The Collection of Second World War and Modern Gallantry Awards formed by the late William Oakley
Date of Auction: 12th December 2012
Sold for £2,200
Estimate: £2,000 - £2,500
Military Medal, G.VI.R. (3309766 A. Cpl. J. McGarvey, H.L.I.); India General Service 1908-35, 1 clasp, North West Frontier 1935 (3309766 Pte. J. McGarvey, H.L.I.); 1939-45 Star; Africa Star; Italy Star; Defence and War Medals 1939-45, mounted as worn, contact wear and edge bruising, otherwise very fine or better (7) £2000-2500
FootnoteM.M. London Gazette 24 September 1942. The original recommendation states:
‘This N.C.O. was one of a section operating in front of the guns of a Jock Column in the area of Bir Hamsa, when the position was overrun on 25 June 1942, and he and many of the column were made prisoners. For three days he travelled without food until arrival in Tobruk on 28 June where he remained until 6 July.
Determined to escape, he and two O.Rs of the South African Forces, feigned dysentery, and succeeded in remaining in Tobruk when the rest of the British prisoner personnel were evacuated. These men attempted to escape on night of 6 July but failed owing to the activity of the R.A.F. They succeeded, however, the following night, and after five or six days trekking across the desert, reached Fort Capuzzo where they fell in with some Senussi who provided them with food.
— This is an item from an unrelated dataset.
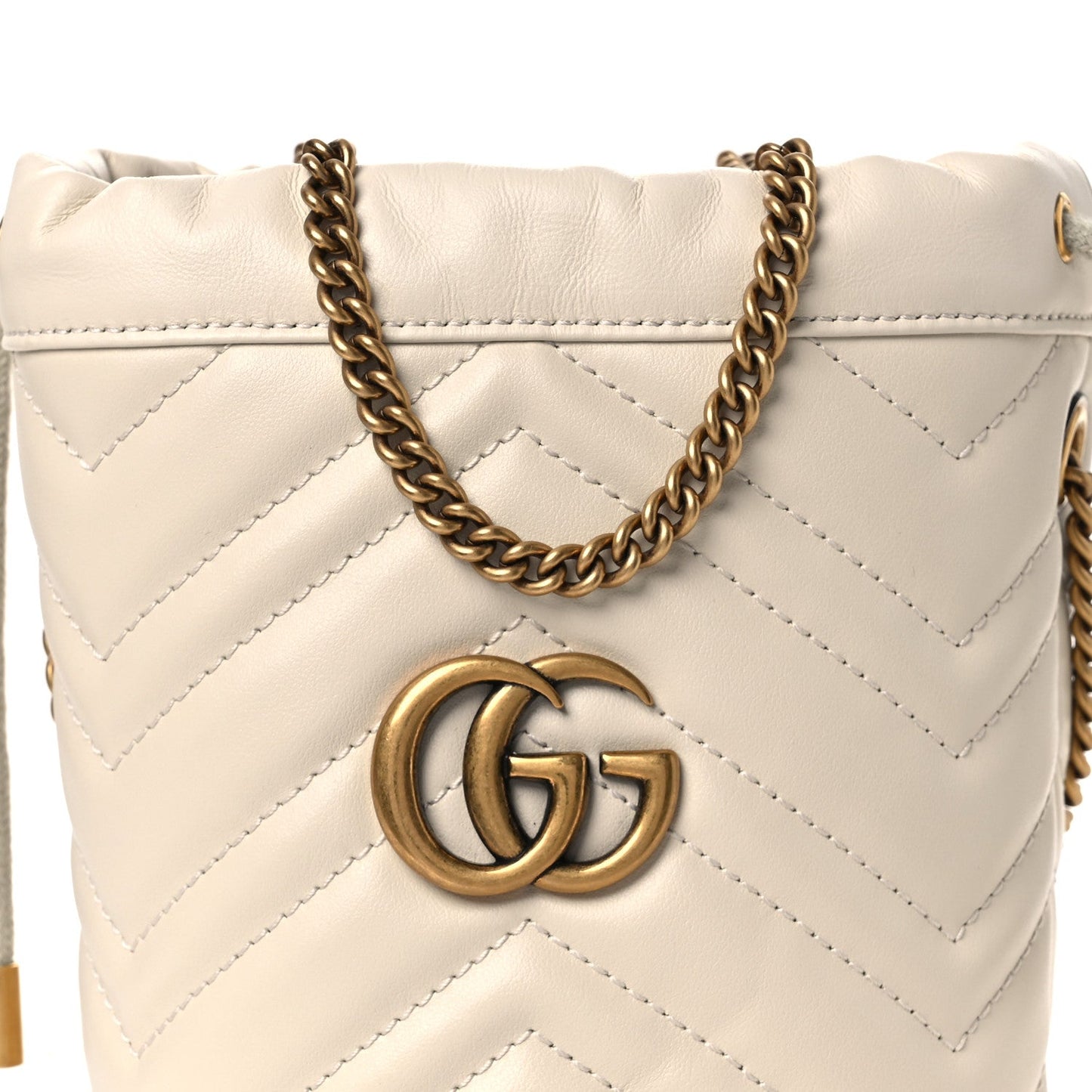 Calfskin Matelasse Mini GG Marmont 2.0 Bucket Bag White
Continuing their journey these men were unlucky in being discovered by Italians who again made them prisoners and conducted them via Mersa Matruh to Sidi Barrani. Here he and several other additional prisoners, who had fallen into the hands of the enemy, were sent back under the escort of four Italians to Tobruk. On the first night, after having stopped for food near Kilo 45, the party, now twelve strong, overpowered their guards and forced the Italian driver of one lorry to drive them up Halfaya Pass in an attempt to reach Siwa. Owing to shortage of oil and loss of direction by night the party decided to give up the attempt to make Siwa, and headed north to the coast road, where after a further two days of travelling they fell in with a British patrol, and were rescued.
By his grim determination not to remain in enemy hands and his ability to carry on without food and with little water, over a period of several days trekking in the desert, this N.C.O. has proved himself to be a very efficient soldier and leader, and has set a fine example of coolness and determination to all his comrades.’
James McGarvey was serving in the 2nd Battalion, Highland Light Infantry at the time of the above deeds.